## WHAT NEEDS TO BE DONE
Lines from the one holding "بحران انرژی جدید" through the end of the entries, inclusive, form the whole output; reproduce them exactly and omit pictures.

## PROVIDED DATA
:::::
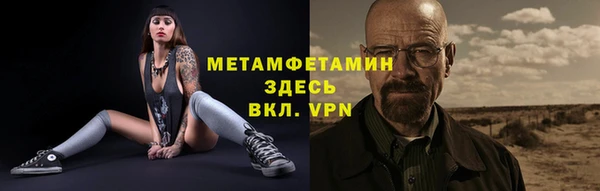 ALPHA-PVP Абинск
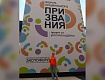 Доброволец из Моршанска стала участником форума в Санкт-Петербурге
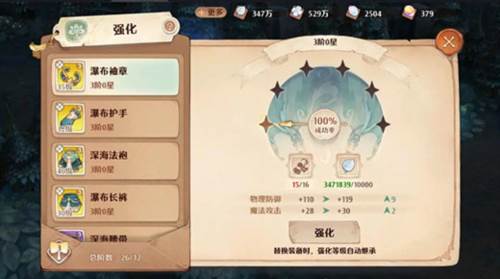 萌新入坑避雷攻略配图7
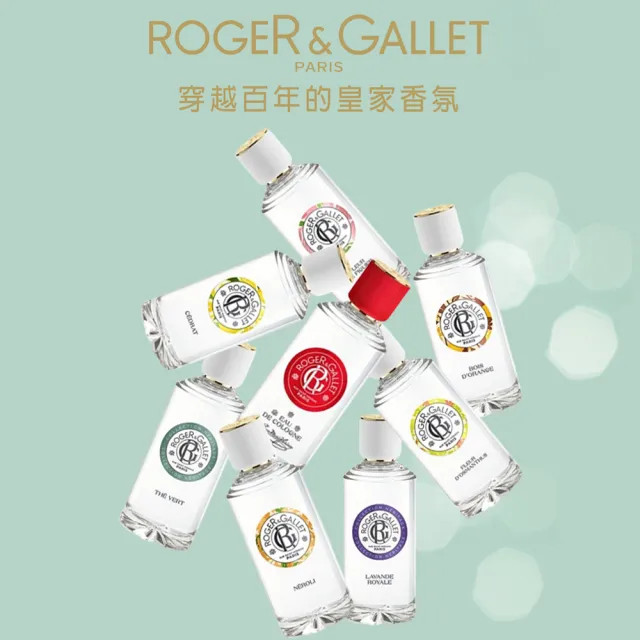 【Roger Gallet】夢迴花園 綠茶香氛淡香水 100ml(送禮 情人節禮物)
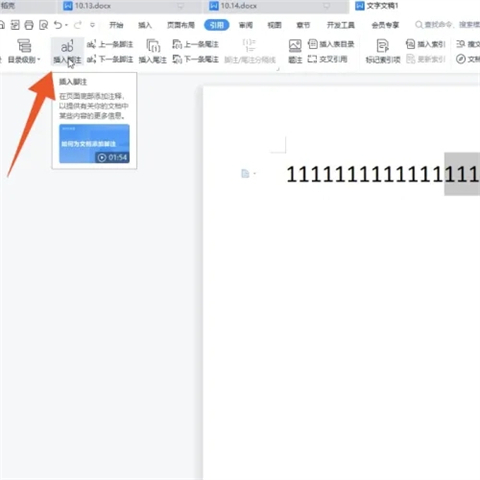 word腳注在哪里設置 word腳注設置方法介紹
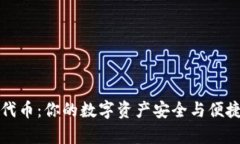 tpWallet代币：你的数字资产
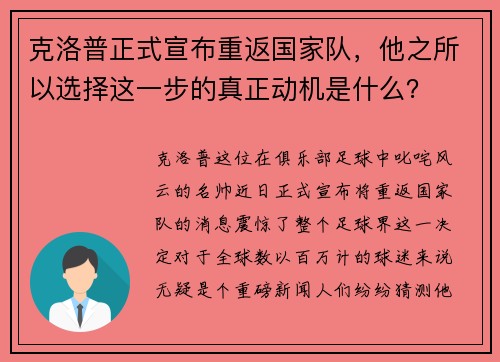 克洛普正式宣布重返国家队，他之所以选择这一步的真正动机是什么？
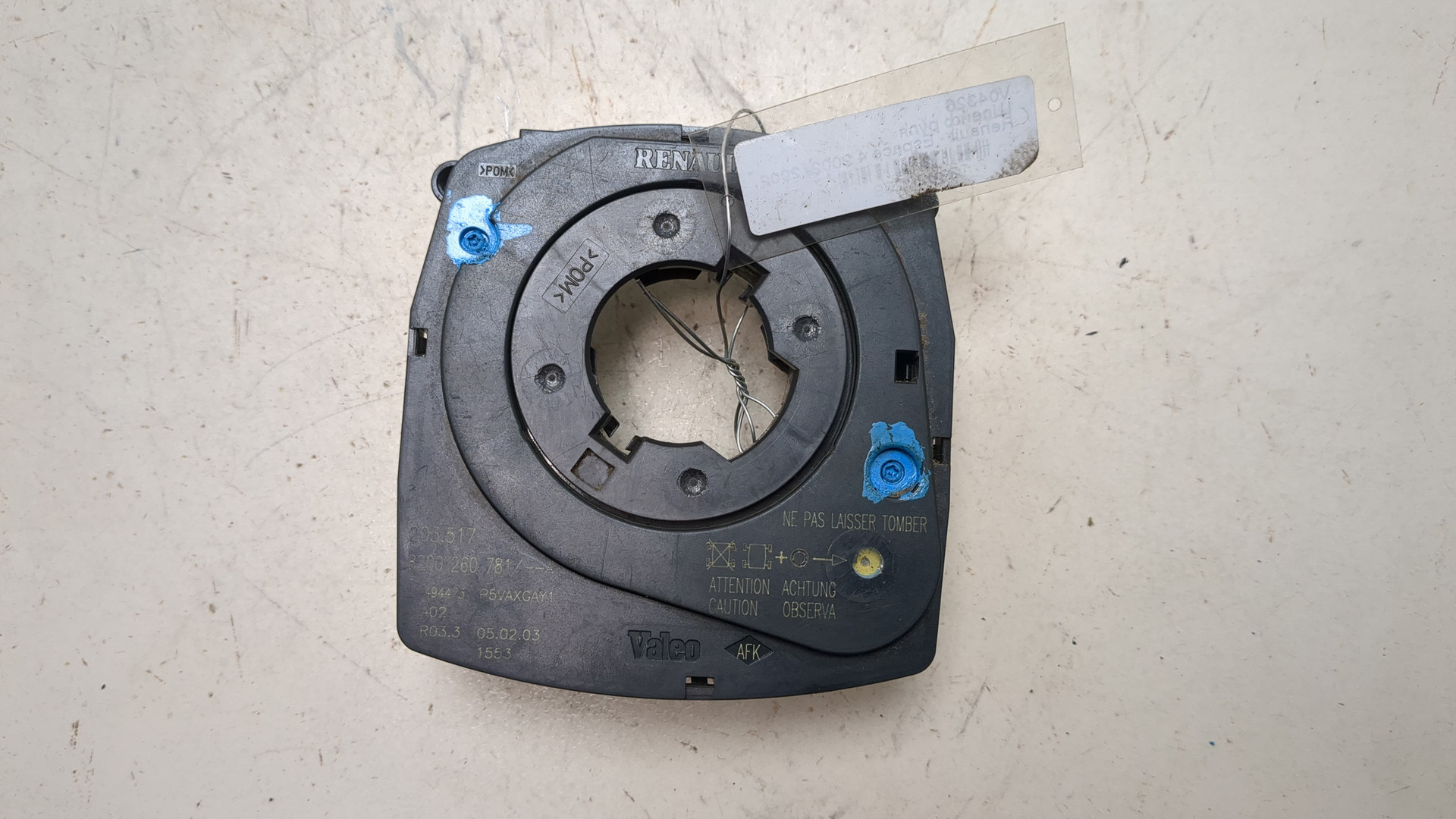 Датчик угла поворота рулевого колеса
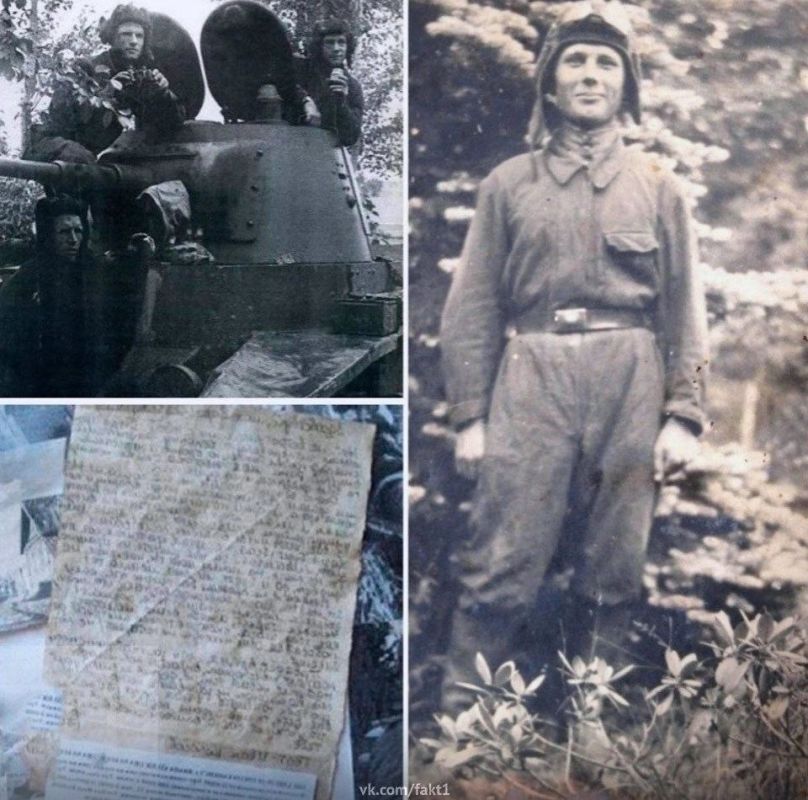 ��yxo� �ecy �o� ����o� ��� �a��e� �poc��� � �e��� �a��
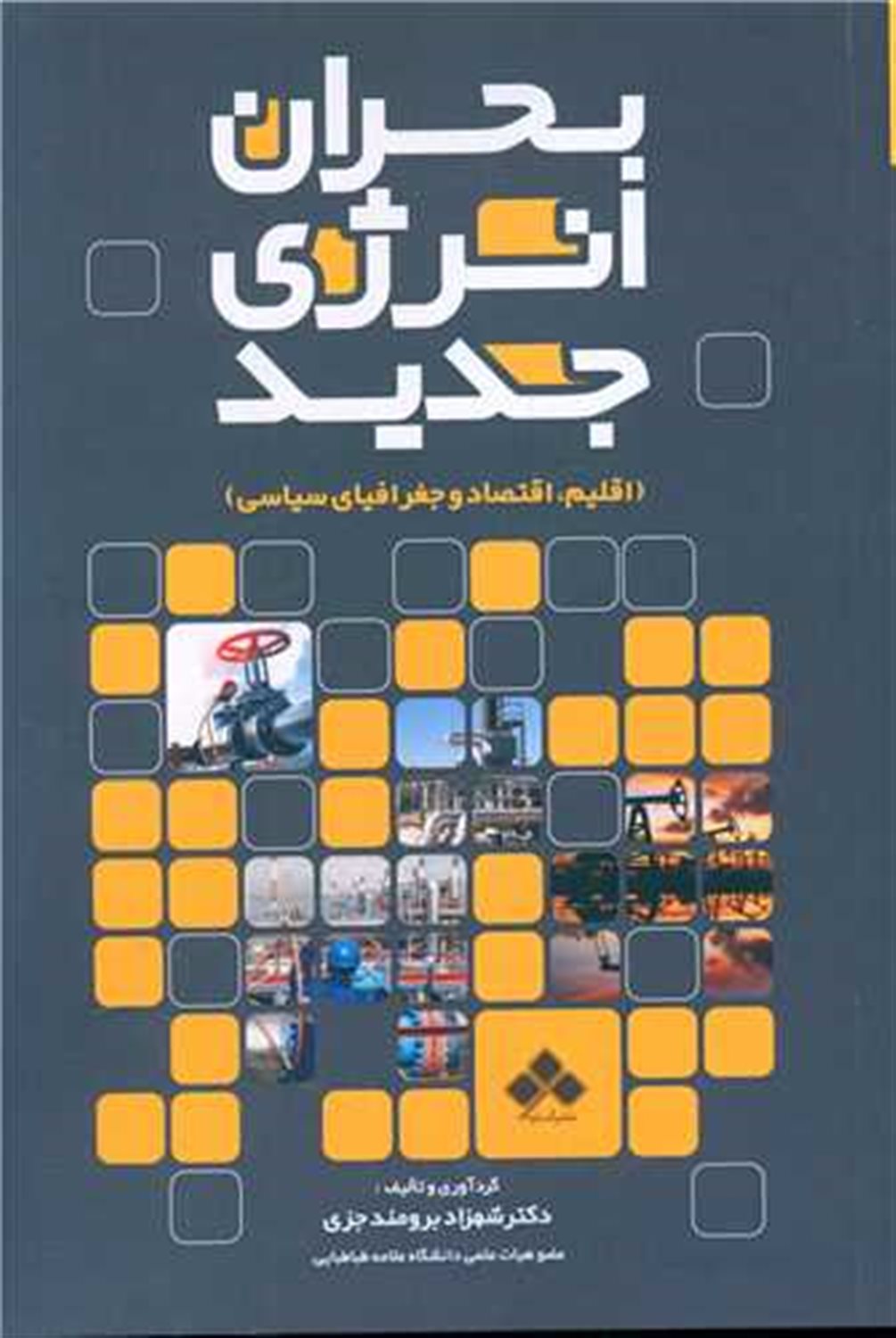 بحران انرژی جدید 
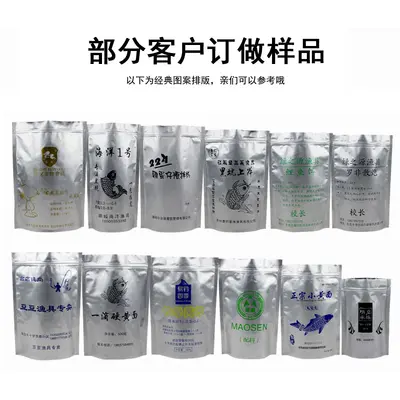 Tee-Aluminium-Folienbeutel, selbststehender Verschlussbeutel, Aluminium-Folie-Lebensmittelbeutel, Goji-Beerenverpackungsbeutel, Reißverschlussbeutel mit Siegelkante, Fleckgroßhandel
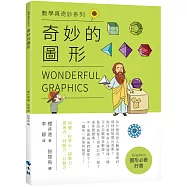 奇妙的圖形
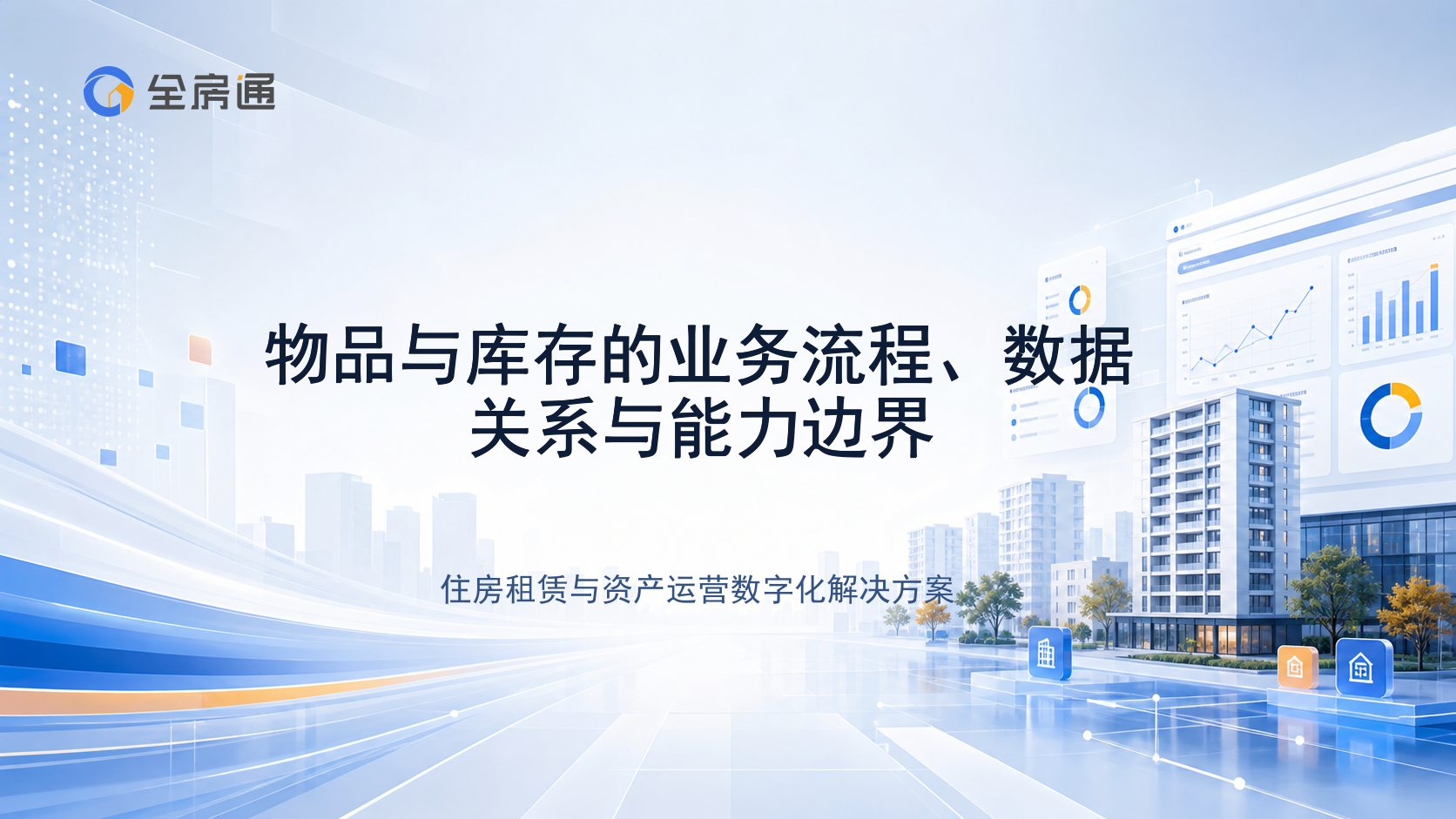 物品与库存的业务流程、数据关系与能力边界 - 全房通资源中心文章头图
:::::
## OUTPUT BELOW
 بحران انرژی جدید 
 Tee-Aluminium-Folienbeutel, selbststehender Verschlussbeutel, Aluminium-Folie-Lebensmittelbeutel, Goji-Beerenverpackungsbeutel, Reißverschlussbeutel mit Siegelkante, Fleckgroßhandel
 奇妙的圖形
 物品与库存的业务流程、数据关系与能力边界 - 全房通资源中心文章头图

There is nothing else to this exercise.